GOOGLE DEVELOPING APP TO SPOT FAKE VIDEOS
It will automatically scan for manipulated pictures or videos, and allow users to report apparent fakes
IN an era replete with fake news, you might expect video evidence to provide a clearer picture of the truth. You’d be wrong, said Google engineer Supasorn Suwajanakorn, who had developed a tool which, fed with the right input, could create a realistic fake video that mimicked the way a person talked by observing footage of their mouth and teeth to create the perfect lip-sync.
Like any technology, it has great potential for good and mischief. Suwajanakorn is working with the AI Foundation on a “Reality Defender” app that would run automatically in web browsers to spot and flag fake pictures or videos.

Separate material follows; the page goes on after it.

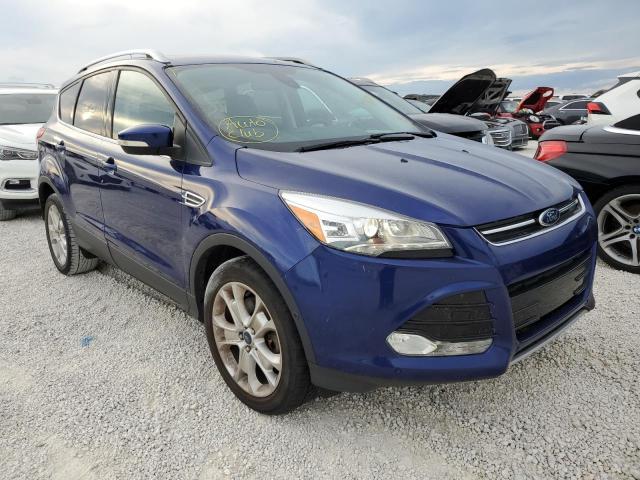 FORD ESCAPE TIT 2016 with VIN 1FMCU9JX0GUA65740 - Photo from auction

“I let a computer watch 14 hours of Obama video, and synthesised him talking,” Suwajanakorn said while sharing his work at the TED Conference here on Wednesday.
Such technology could be used to create virtual versions of those who have died — grandparents could be asked for advice, actors returned to the screen, great teachers give lessons, or authors read their works aloud.
He noted a New Dimensions in Testimony project that allowed people to talk with holograms of Holocaust survivors.
“These results are intriguing, but, at the same time, troubling. It concerns me, the potential for misuse. So, I am also working on counter-measure technology to detect fake images and video.”
Such a concept has been the stuff of science fiction, and has been portrayed in movies like Matrix and now, Altered Carbon.
He worried, for example, that war could be triggered by a bogus video of a world leader announcing a nuclear strike.
“Reality Defender” will scan for manipulated pictures or videos, as well as allow users to report fakes to use the power of the crowd to bolster the defence.
While writing fake news might be cheap and easy, it was tough to manipulate video without any traces. Videos, by design, were streams of thousands of images, each of which would have to be perfected in a fake, he said.
“There is a long way to go before we can effectively model people,” said Suwajanakorn, whose work in the field stems from his time as a student at the University of Washington.
“We don’t want it to be in the wrong hands.”